The leading edge of the storm raged violently enough to wake us around 3:30 am. The sky glowed like daybreak and thunder rumbled and crashed continuously. We marveled at the window as the storm grew more powerful. We had no idea that at that moment, our feed store burned. The Southern States Feed Co-Op had been struck by lightning.
We drove by today. The cinder-block exterior appeared deceptively untouched. Apparently, behind the now-boarded up windows, the store and warehouse had been gutted. All we knew was what the marquis told us: Closed Due to Fire.
Nothing more. No further details on the damage, nor reassurance that no-one was hurt. No hint as to a reopening date. No “we have arranged for your feed delivery to be covered.” And what of that feed delivery, which appears faithfully every Tuesday? What of our 29 horses, who line up just as faithfully along the fence at feeding time?
This may seem off topic on a horse training blog.
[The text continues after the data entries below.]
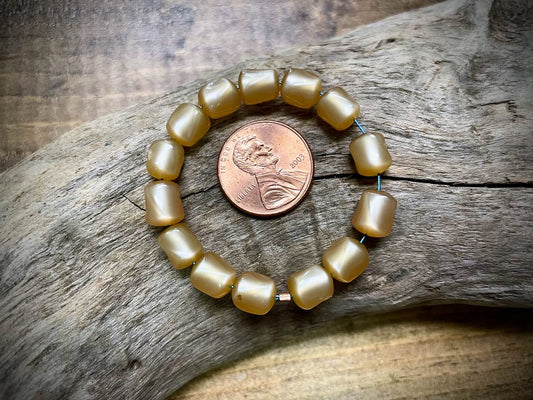 Vintage Moon-Glow Lucite Bead Strand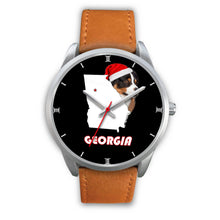 Load image into Gallery viewer, Australian Shepherd Dog Georgia Christmas Special Wrist Watch-Free Shipping
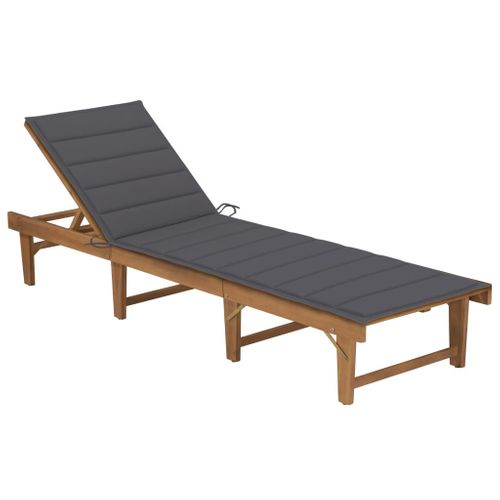 Transat Chaise Longue Bain De Soleil Lit De Jardin Terrasse Meuble D'extérieur Pliable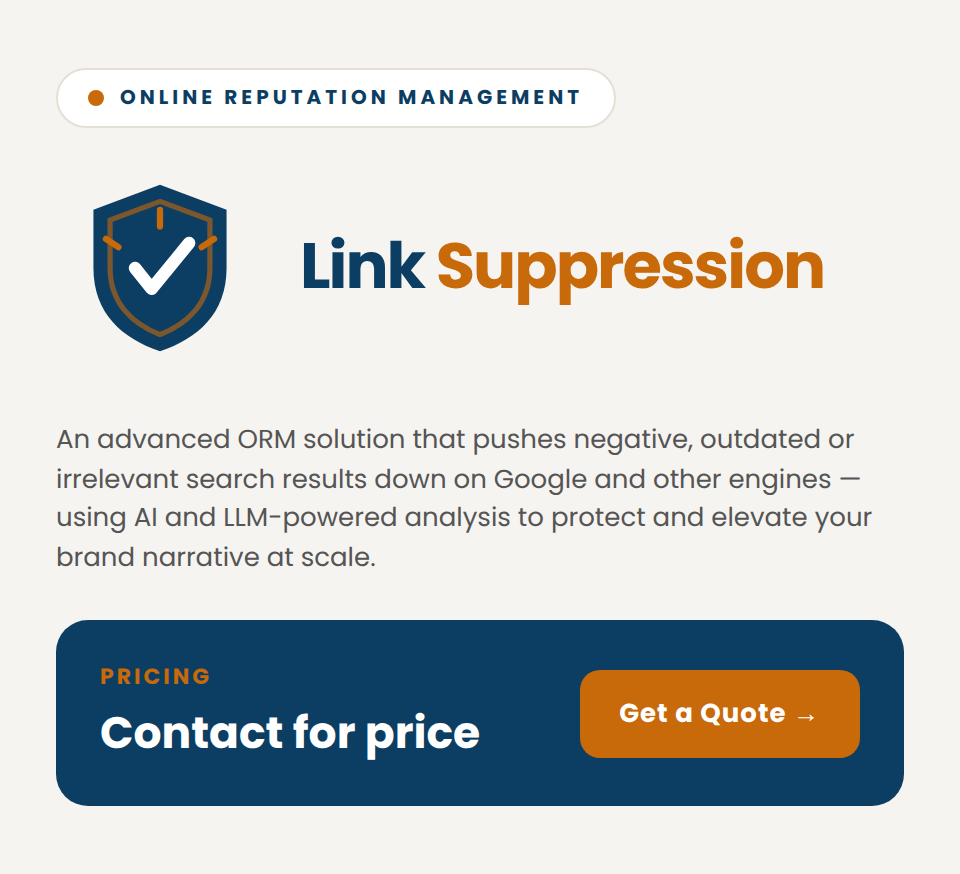 Link Suppression (Contact for price) - Image 2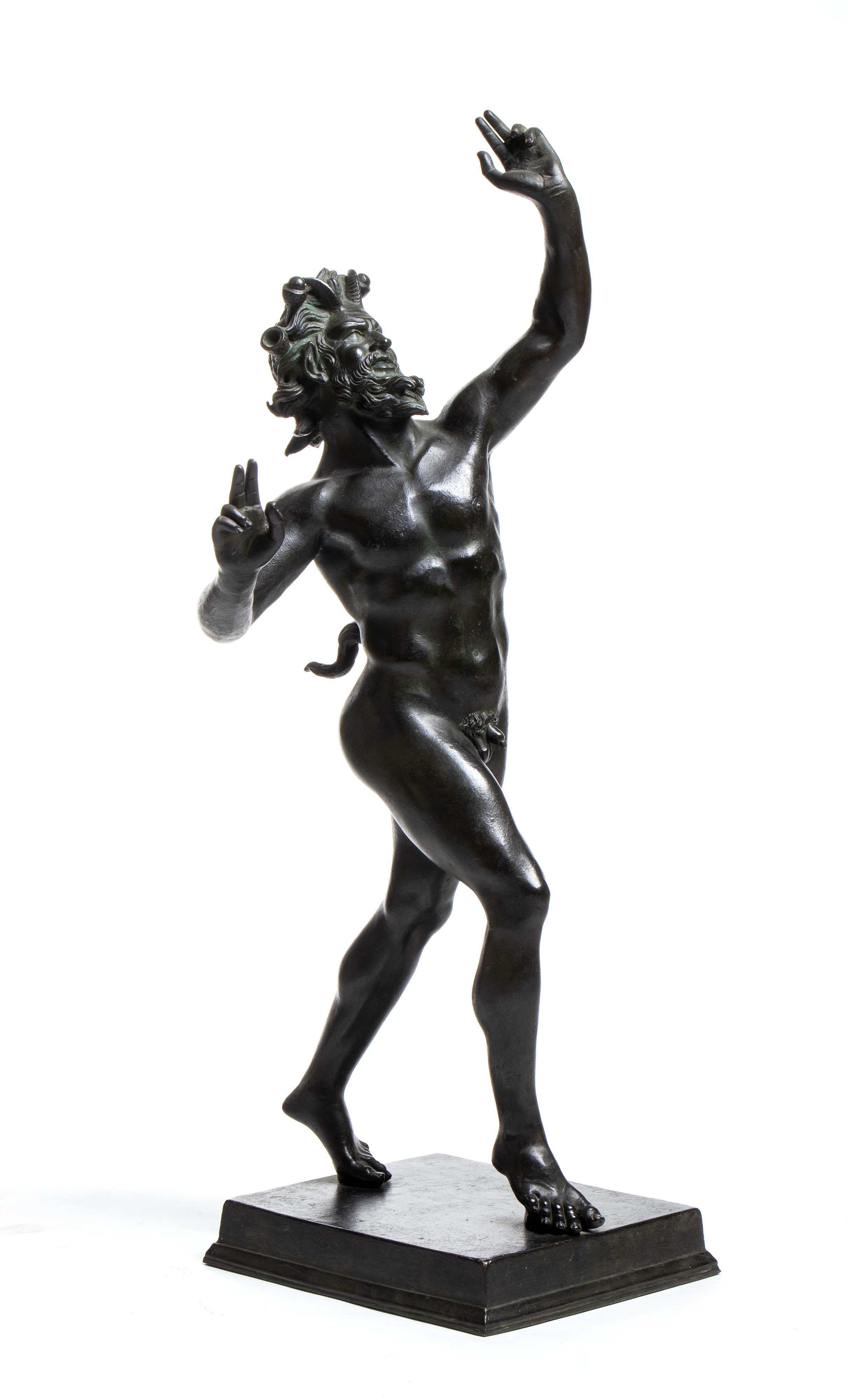 Scultura in Bronzo del Fauno Danzante di Pompei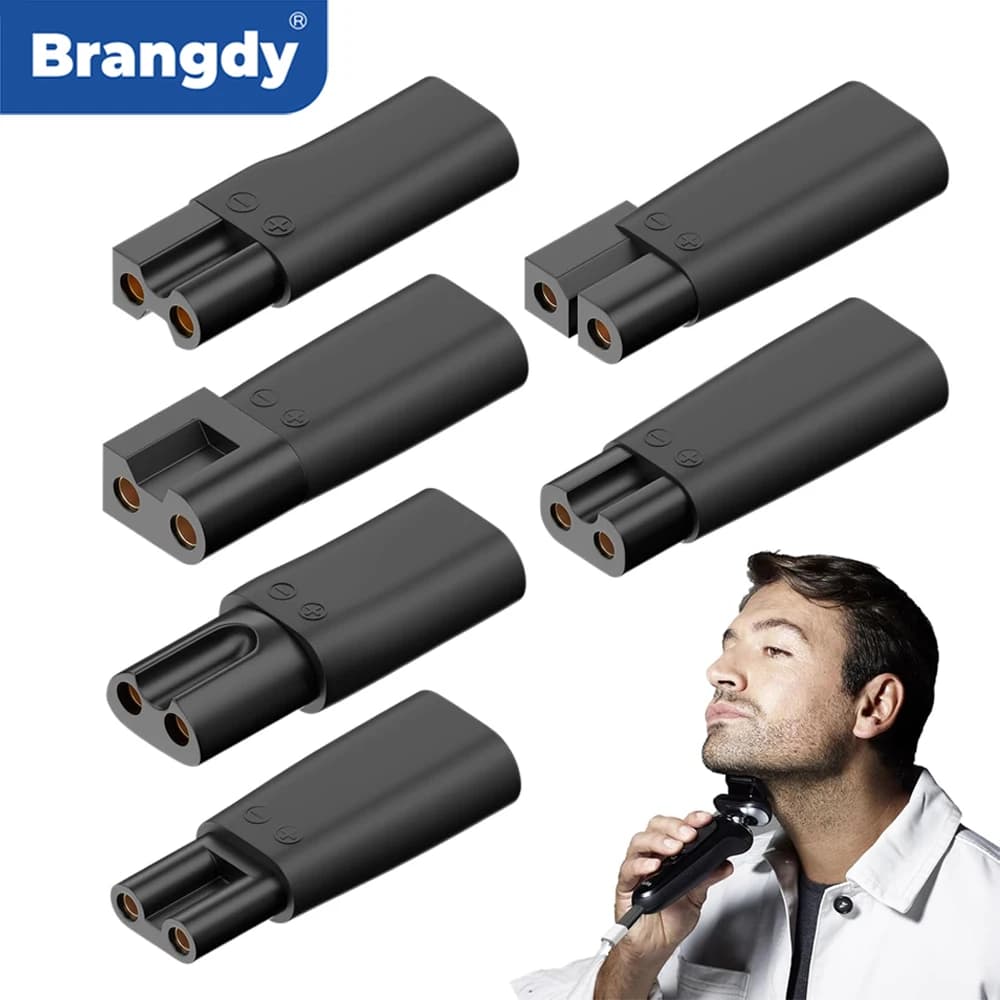 Brangdy 6 pcs Type C Replacement Charger USB Adapter Suitable for All Types of Electric Hair Clips Regulatory Shavers
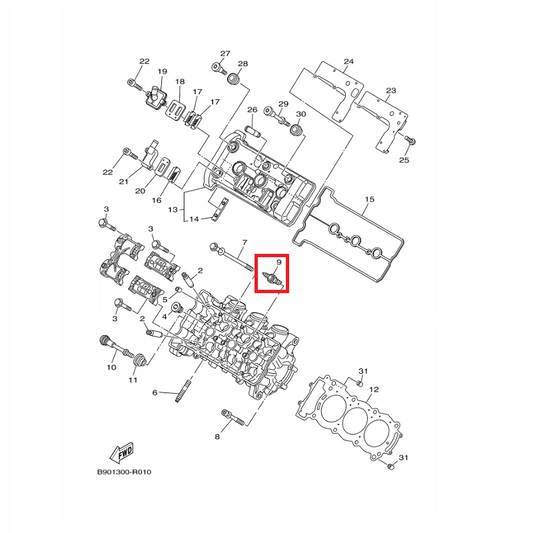 OEM Yamaha Spark Plug (NGK CPR9EA-9) MT-09A 2014-2020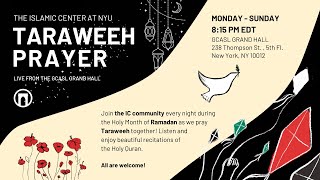 Taraweeh Prayer Ramadan 2024 Taraweeh Prayer Night 4 3.13.2024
However, horse people know that what happens in training sessions is inseparably entwined wiith the fabric of our daily lives.
Despite the influx of commuting Washingtonians, our area clings to its rural roots. Horse farms, cow farms, crop farms and the local racetrack rely on Southern States to nourish and care for our land, our animals, our businesses and our families. What does this fire mean for the community? The more we think about it, the more we realize the vital importance of that one store. The ripple effect reaches far.
We’ve no doubt that the community will pour its resources into rebuilding the co-op, just as we know the co-op will mobilize quickly to provide for the community. During this time our thoughts and prayers are with everyone affected by the fire, from the owners and employees to farmers finding feed for hungry horses.